Fixing prison-based gerrymandering after the 2010 Census: Georgia

50 State Guide, March 2010

Sections
Impact at the state level
Impact at the local level
Georgia law says a prison cell is not a residence
Other solutions
Additional resources

Prison-based gerrymandering violates the constitutional principle of “One Person, One Vote.” The Supreme Court requires districts to be based on equal population in order to give each resident the same access to government. But a longstanding flaw in the Census counts incarcerated people as residents of the prison location, even though they can’t vote and aren’t a part of the surrounding community.

When legislators claim people incarcerated in their districts are legitimate constituents, they award people who live close to the prison more of a say in government than everybody else.
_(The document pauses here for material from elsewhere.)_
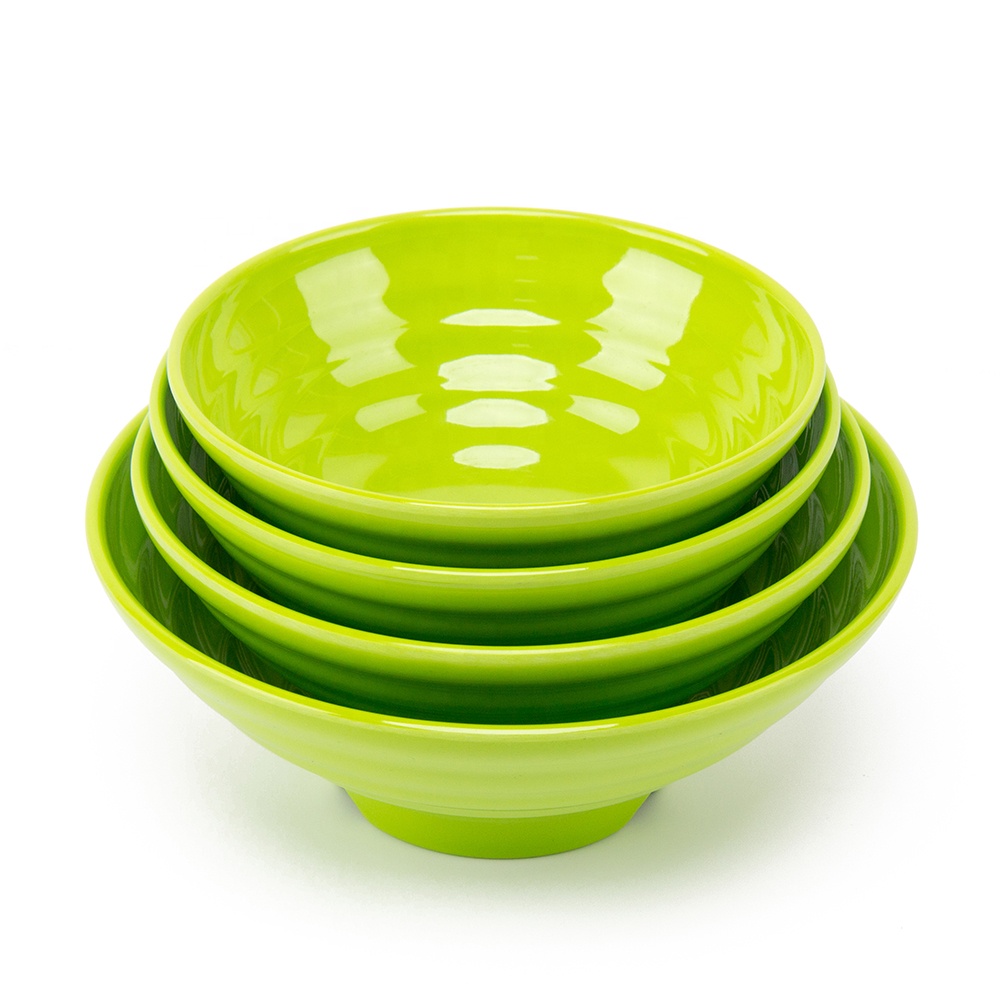 Wholesale Chinese Melamine Customized Green Plastic Noodle Bowl Set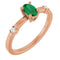 Bague en or 14 carats avec émeraude de laboratoire rose et diamants naturels (0,05 carat au total).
Impact at the state level:

  • Nine Georgia House Districts drawn after the 2000 Census derived more than 5% of their required population from incarcerated, disenfranchised people. One district was almost 11% incarcerated, giving every 89 people who live in that district with the prison as much influence as 100 people who live in another other district in the state that does not contain a large prison. Those districts:
    District Percent of
    required population
    that is in a
    correctional facility
    District 141 10.9%
    District 166 9.0%
    District 144 7.3%
    District 176 6.6%
    District 55 6.3%
    District 58 5.7%
    District 177 5.6%
    District 89 5.5%
    District 154 5.4%

Impact at the local level:

  • After the 2000 Census:
    • Residents of Butts County District 3 were given twice as much influence over county affairs as residents of other districts because 49% of District 3 was incarcerated at the Georgia Diagnostic and Classification Center.
    • Other counties had significant prison-based gerrymandering problems: 37% of Baldwin County District 4 and 17% of District 2; 13% of Coffee County District 2; 20% of Dodge County District 2; 23% of Evans County District 1; 17% of Habersham District 3; 29% of Mitchell County District 2; 22% of Treutlen County District 5; 20% of Washington County District 2; and 34% of Wayne County District 4 was incarcerated, granting the actual residents of those districts more political clout in the county than residents of other districts, which had the required number of residents.
    • Several cities and counties rejected the Census Bureau's prison count and avoid prison-based gerrymandering: The cities of Garden City and Milledgeville and the counties of Calhoun, Dooly, Macon, Tattnall, Telfair and Wilcox avoided prison-based gerrymandering by not including the prison populations in their districts when drawing city or county lines. As a result, each district had an equal population of actual residents.
  • More research needs to be done in Montgomery County as the county contains a large prison population relative to its actual population. Unless the prison populations were removed from the redistricting base after the last Census, the county has one or more districts that are significantly padded with non-resident prison populations. See the Democracy Toolkit for a suggested research methodology.
  • A Census 2000 error that apparently missed the Stewart Correctional Center allowed Johnson County to avoid deciding whether to adjust the Census or to engage in prison-based gerrymandering. The 2010 Census will presumably not make the same error, and the county will need to determine if it wishes to make the Stewart Facility into a district all by itself.

Georgia law says a prison cell is not a residence:

  • Incarceration is not a voluntary movement, so a prison cell is not a residence under Georgia law:

    A person shall not be considered to have gained a residence in any county or municipality of this state into which such person has come for temporary purposes only without the intention of making such county or municipality such person’s permanent place of abode. (Georgia Annotated Code § 21-2-217(3).)

Other solutions:

  • Ideally, the U.S. Census Bureau would change where it counts incarcerated people. They should be counted as residents of their home — not prison — addresses. There is no time for that in 2010, but Georgia should ask the Census Bureau for this change for 2020.